((

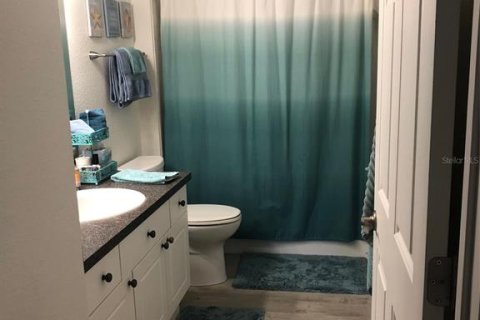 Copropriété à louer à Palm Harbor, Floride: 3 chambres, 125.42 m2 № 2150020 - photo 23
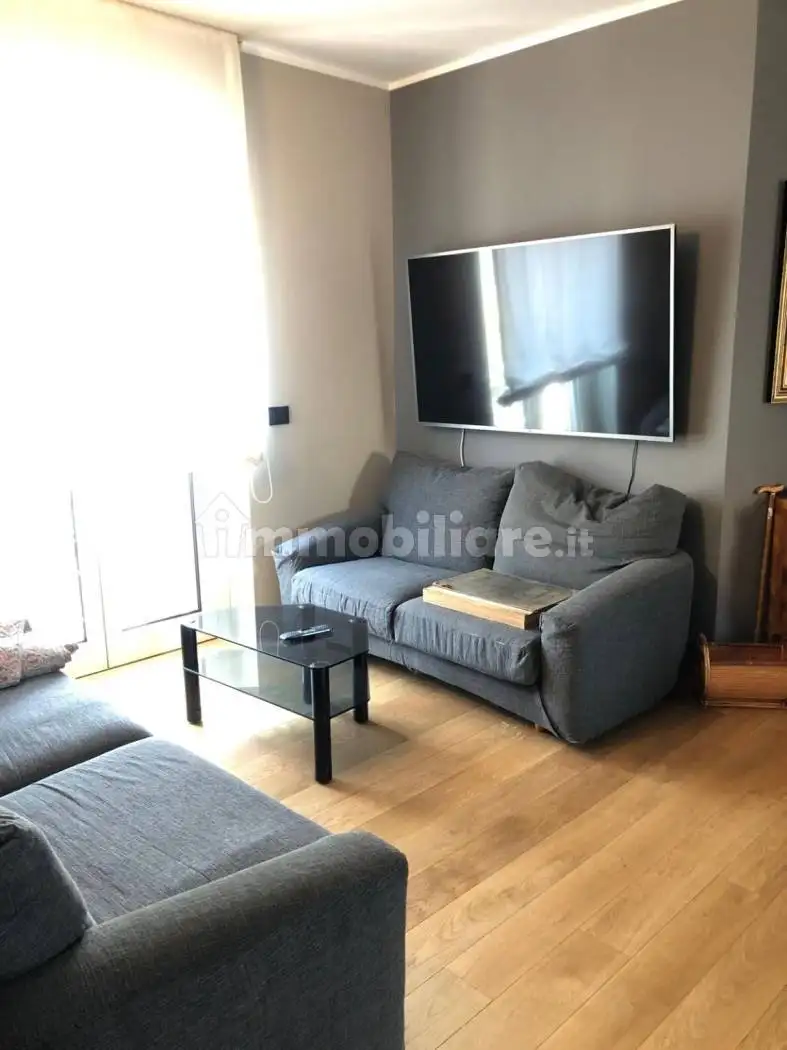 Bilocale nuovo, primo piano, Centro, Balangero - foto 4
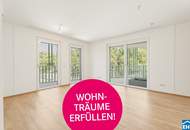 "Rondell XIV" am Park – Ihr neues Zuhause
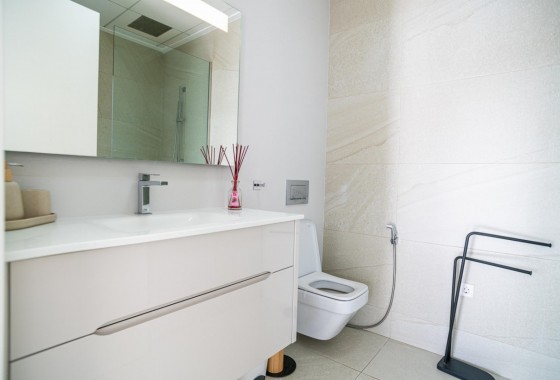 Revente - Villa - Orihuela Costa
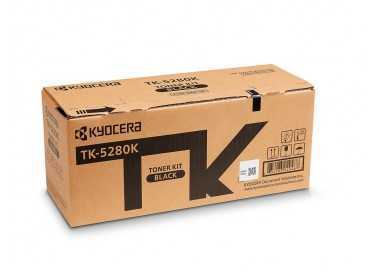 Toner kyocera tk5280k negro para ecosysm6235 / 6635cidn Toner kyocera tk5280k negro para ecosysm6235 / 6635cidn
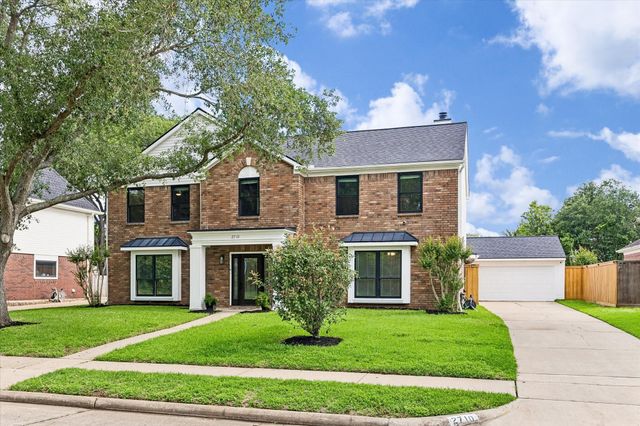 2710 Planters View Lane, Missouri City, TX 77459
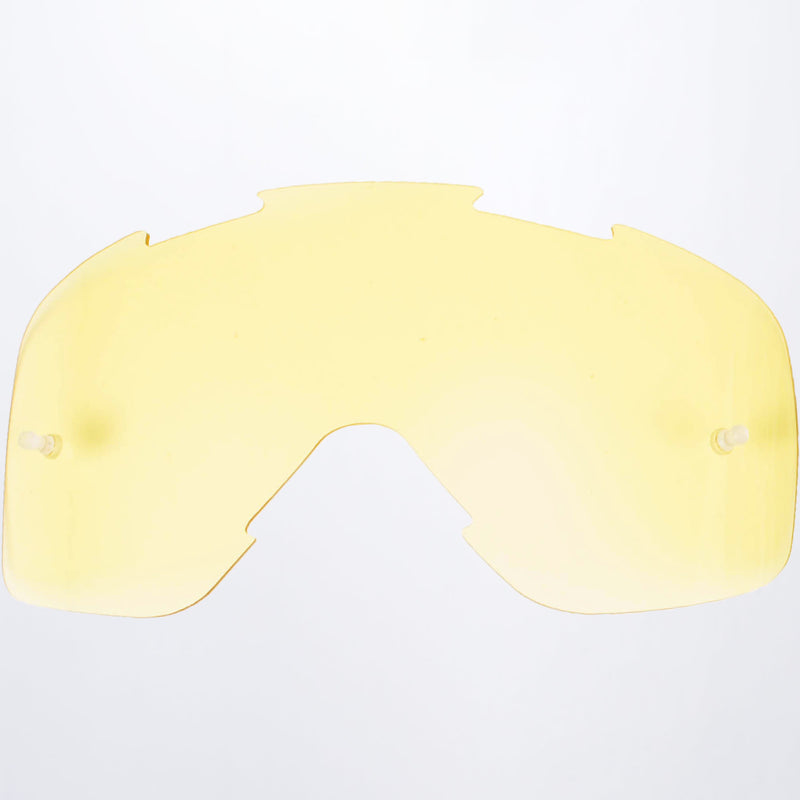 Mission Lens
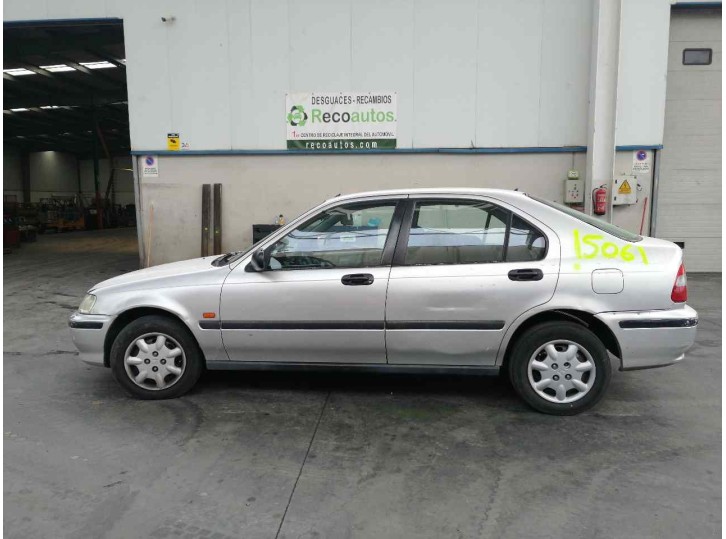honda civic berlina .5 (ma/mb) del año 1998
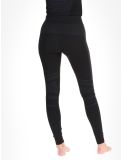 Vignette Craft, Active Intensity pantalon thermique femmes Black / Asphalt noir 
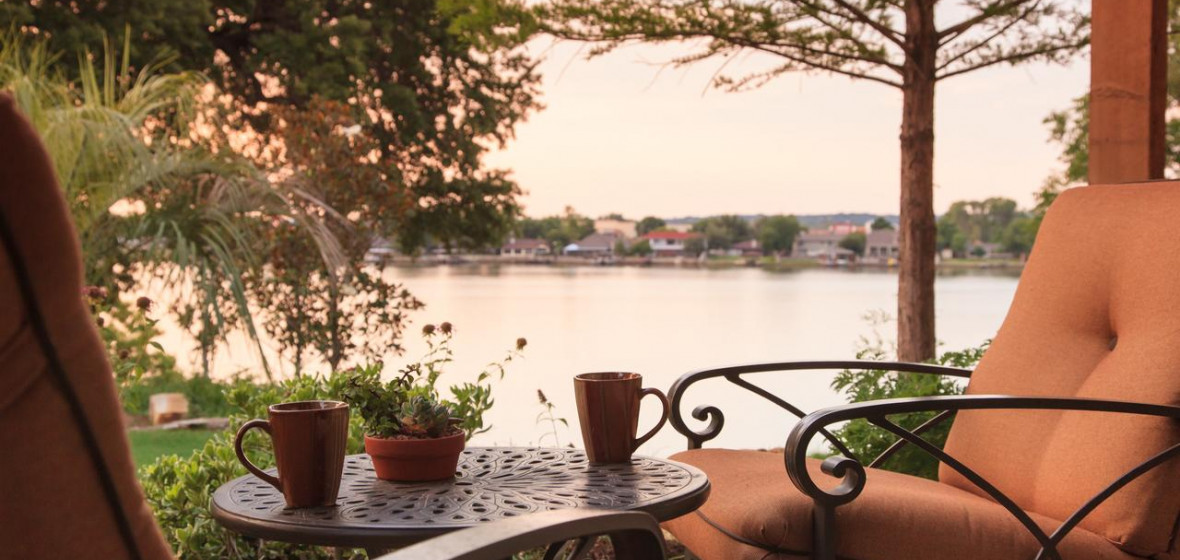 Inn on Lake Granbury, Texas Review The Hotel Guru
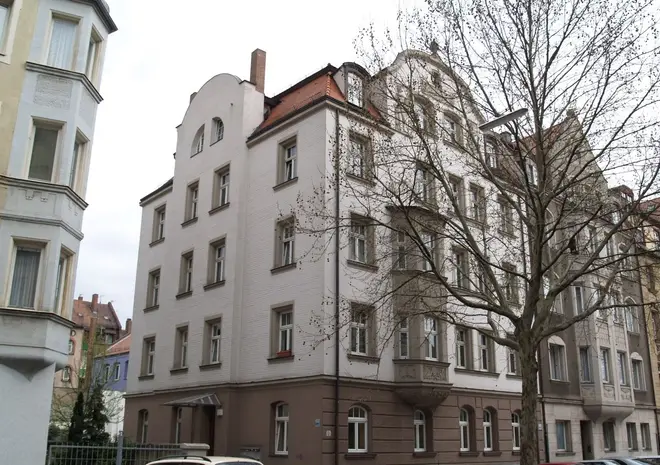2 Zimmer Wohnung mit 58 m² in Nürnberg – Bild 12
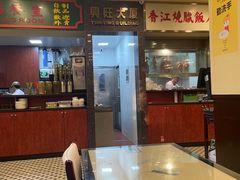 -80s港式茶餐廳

))

→ **What you are asked to do**: Without including any pictures, repeat the records above exactly.

→ **Your solution**:
 Copropriété à louer à Palm Harbor, Floride: 3 chambres, 125.42 m2 № 2150020 - photo 23
 Bilocale nuovo, primo piano, Centro, Balangero - foto 4
 "Rondell XIV" am Park – Ihr neues Zuhause
 Revente - Villa - Orihuela Costa
 Toner kyocera tk5280k negro para ecosysm6235 / 6635cidn Toner kyocera tk5280k negro para ecosysm6235 / 6635cidn
 2710 Planters View Lane, Missouri City, TX 77459
 Mission Lens
honda civic berlina .5 (ma/mb) del año 1998
 Vignette Craft, Active Intensity pantalon thermique femmes Black / Asphalt noir 
 Inn on Lake Granbury, Texas Review The Hotel Guru
2 Zimmer Wohnung mit 58 m² in Nürnberg – Bild 12
 -80s港式茶餐廳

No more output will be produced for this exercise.